Die Geschichten vom Jordan holt alle runter vom hohen Ross:

Es ist nicht Mose, der sein Volk rettet, sondern Gott. Es ist nicht Josua, der den Jordan durchbricht, sondern Gottes Gegenwart. Es ist nicht Johannes der Täufer, der die Menschen erlöst, sondern Jesus Christus.

 

Das Wasser des Jordan weicht nicht vor Josua, nicht vor der Autorität der Priester, nicht vor der moralischen Würde des Volkes. Es weicht allein vor der Gegenwart des lebendigen Gottes – in seinen heiligen Geboten.

Wenn wir in die Jordan-Tiefen unserer schwierigen Zeiten treten, dann retten uns nicht Wundertaten, nicht mächtige Figuren, nicht eigener Mut, sondern dann rettet uns nur Gottes heiliges Gebot.

Das zeigt uns diese wunderbare Geschichte von den Israeliten am Jordan.

Die Wasser weichen vor der Bundeslade. Die Schritte werden geleitet von Gottes Geboten, nicht von menschlichen Ideen oder Phantasien.

Wie gut, dass wir das am Anfang eines Jahres hören!

 

Mose, Josua, Johannes:

Die Diener Gottes sind austauschbar. Nicht austauschbar ist die Gegenwart Gottes.

Für die alten Israeliten hat diese Gegenwart Gottes ihre höchste Form in den Geboten, die Gott offenbart hat.

Für uns hat diese Gegenwart Gottes ihre allerhöchste Form in der Person Jesu Christi.

Und es sind beide, die Bundeslade und Jesus von Nazareth, die in die Wasser des Jordans hineingehen und den Weg freimachen, die die Grenze von Diesseits und Jenseits überschreiten, die den Weg in die Freiheit und in Gottes Arme öffnen.

 

Wir können am heutigen Sonntag nochmals ganz neu unser Verständnis von der Taufe schärfen.

Taufe ist kein Segensritual an kleinen Kindern. Taufe ist kein nettes Spiel mit Wasser.

Taufe ist das Durchschreiten des Jordan an der Hand Jesu. Taufe ist die Passage vom Diesseits zum Jenseits, von der Sünde zur Heiligkeit, von der Gefahr zum Ewigen Leben.
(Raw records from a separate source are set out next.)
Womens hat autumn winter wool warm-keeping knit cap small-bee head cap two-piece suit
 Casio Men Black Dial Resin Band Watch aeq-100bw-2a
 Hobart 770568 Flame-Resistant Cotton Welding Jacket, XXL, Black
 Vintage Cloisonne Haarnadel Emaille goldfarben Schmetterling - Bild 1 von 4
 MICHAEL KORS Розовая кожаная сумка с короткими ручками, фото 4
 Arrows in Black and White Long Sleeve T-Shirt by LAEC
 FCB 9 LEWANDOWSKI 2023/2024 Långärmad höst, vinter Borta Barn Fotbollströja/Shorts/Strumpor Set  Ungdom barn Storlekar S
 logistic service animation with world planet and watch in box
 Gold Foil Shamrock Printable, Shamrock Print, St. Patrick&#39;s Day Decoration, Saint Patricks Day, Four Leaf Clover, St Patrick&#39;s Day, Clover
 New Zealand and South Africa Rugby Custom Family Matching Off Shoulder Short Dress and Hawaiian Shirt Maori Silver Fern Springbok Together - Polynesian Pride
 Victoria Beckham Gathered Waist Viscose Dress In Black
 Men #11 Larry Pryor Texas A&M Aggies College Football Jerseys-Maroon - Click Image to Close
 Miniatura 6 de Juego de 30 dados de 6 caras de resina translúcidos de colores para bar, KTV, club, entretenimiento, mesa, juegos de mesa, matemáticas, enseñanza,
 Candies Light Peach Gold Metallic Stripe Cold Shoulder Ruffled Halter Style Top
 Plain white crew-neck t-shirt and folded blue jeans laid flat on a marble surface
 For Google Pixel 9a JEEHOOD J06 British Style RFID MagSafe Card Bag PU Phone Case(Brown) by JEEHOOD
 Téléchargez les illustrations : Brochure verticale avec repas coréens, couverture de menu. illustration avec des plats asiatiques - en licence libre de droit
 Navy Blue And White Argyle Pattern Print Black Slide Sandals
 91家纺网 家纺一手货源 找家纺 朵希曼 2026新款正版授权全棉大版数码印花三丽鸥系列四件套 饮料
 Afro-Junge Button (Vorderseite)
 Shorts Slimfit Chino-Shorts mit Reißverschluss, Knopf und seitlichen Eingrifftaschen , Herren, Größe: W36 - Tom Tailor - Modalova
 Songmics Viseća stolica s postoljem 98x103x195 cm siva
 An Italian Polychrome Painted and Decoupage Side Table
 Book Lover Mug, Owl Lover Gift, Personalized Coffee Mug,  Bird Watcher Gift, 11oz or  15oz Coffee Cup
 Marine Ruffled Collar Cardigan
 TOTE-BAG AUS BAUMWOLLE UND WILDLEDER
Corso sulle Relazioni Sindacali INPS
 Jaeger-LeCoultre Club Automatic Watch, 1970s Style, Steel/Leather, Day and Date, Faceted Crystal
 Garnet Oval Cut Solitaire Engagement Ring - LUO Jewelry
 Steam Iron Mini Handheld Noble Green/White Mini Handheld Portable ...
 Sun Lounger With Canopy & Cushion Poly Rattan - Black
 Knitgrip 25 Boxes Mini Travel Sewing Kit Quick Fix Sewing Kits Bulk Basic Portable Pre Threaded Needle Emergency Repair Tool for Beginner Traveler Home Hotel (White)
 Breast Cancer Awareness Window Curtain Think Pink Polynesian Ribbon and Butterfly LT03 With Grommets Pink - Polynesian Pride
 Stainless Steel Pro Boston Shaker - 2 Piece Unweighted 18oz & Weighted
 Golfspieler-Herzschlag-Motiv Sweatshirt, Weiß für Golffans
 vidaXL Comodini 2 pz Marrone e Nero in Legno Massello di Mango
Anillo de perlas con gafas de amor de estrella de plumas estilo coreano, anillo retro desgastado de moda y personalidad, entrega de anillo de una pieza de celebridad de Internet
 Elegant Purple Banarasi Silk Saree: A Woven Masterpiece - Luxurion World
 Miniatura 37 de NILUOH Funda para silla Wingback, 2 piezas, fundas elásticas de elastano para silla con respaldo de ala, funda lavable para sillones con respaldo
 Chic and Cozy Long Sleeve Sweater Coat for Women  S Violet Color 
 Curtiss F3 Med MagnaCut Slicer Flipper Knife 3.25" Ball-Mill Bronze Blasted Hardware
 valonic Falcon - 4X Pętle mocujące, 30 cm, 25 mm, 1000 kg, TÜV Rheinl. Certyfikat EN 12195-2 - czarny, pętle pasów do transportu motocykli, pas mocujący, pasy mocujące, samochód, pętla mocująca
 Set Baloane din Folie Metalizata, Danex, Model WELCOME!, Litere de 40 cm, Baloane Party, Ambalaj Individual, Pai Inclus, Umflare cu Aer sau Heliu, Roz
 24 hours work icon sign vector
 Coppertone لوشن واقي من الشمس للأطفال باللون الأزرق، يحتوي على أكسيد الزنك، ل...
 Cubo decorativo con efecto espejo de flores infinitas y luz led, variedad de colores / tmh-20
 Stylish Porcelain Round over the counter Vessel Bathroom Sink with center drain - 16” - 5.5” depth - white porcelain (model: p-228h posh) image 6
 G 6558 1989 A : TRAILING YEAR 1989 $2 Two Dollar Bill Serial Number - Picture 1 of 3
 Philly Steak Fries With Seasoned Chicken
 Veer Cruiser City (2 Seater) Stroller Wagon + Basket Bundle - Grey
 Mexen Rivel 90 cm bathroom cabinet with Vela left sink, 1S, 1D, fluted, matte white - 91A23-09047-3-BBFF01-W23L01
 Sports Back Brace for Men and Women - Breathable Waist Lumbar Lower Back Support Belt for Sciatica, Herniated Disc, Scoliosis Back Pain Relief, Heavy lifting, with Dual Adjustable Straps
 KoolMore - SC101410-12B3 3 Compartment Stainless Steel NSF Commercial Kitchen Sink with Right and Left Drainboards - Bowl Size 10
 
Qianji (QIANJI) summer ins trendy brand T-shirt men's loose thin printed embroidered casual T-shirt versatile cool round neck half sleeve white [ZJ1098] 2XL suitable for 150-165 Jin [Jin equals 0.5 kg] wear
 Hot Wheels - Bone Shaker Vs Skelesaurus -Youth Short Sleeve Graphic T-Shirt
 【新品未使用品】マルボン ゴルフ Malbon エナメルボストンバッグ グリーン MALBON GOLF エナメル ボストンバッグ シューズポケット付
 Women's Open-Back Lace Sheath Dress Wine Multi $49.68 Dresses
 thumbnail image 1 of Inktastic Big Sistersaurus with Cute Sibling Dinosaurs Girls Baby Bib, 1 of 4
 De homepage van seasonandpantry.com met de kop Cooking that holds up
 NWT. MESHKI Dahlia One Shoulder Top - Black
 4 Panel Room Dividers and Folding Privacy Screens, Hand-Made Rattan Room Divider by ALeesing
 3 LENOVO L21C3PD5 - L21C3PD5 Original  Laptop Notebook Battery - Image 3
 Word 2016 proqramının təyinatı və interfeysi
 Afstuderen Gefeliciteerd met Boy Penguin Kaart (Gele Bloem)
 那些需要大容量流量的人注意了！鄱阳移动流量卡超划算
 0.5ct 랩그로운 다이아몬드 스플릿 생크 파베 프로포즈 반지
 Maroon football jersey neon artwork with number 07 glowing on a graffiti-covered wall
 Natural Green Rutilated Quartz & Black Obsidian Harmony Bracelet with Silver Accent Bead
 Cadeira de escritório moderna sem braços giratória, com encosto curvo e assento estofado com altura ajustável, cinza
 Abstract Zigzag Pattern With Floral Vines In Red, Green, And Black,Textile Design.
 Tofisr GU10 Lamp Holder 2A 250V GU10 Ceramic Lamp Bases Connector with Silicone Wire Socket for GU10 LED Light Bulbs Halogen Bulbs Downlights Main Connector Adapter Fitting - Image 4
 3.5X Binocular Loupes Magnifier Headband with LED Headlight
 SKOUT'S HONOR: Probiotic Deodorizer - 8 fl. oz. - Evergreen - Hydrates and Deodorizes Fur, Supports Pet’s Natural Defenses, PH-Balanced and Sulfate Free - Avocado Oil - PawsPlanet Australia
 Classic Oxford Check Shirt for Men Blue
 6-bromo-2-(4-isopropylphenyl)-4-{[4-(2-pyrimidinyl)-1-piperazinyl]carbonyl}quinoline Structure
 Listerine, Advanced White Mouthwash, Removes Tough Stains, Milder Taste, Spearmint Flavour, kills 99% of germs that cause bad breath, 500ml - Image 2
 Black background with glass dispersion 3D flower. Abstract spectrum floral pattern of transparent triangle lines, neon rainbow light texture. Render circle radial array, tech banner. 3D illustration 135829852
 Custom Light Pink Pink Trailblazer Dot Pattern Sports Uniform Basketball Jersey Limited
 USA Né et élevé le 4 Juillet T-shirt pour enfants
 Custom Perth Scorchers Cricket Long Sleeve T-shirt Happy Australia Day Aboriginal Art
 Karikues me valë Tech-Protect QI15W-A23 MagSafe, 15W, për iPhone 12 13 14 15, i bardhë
Taufe heißt, dieses irdische Leben mit allen seinen Gefahren und Unsicherheiten hinter sich zu lassen:

Jesus sagt:

Wahrlich, wahrlich, ich sage euch: Wer mein Wort hört und glaubt dem, der mich gesandt hat, der hat das ewige Leben und kommt nicht in das Gericht, sondern er ist schon vom Tode zum Leben hindurchgedrungen. (Joh 5,24)

 

Oder mit dem Bild von heute gesagt: Er hat den Jordan schon überschritten.

 

Jesus hat sich bei dieser Passage nicht nur die Füße nassgemacht. Jesus hat für diesen Übergang sein Leben hingegeben. Das zeigt den ganzen Ernst dieser Passage, für die der Jordan als Bild steht.

 

Liebe Gemeinde!

Wir werden immer wieder an Grenzen stoßen:

An Landesgrenzen und Grundstückgrenzen, die wir nicht einfach übertreten können.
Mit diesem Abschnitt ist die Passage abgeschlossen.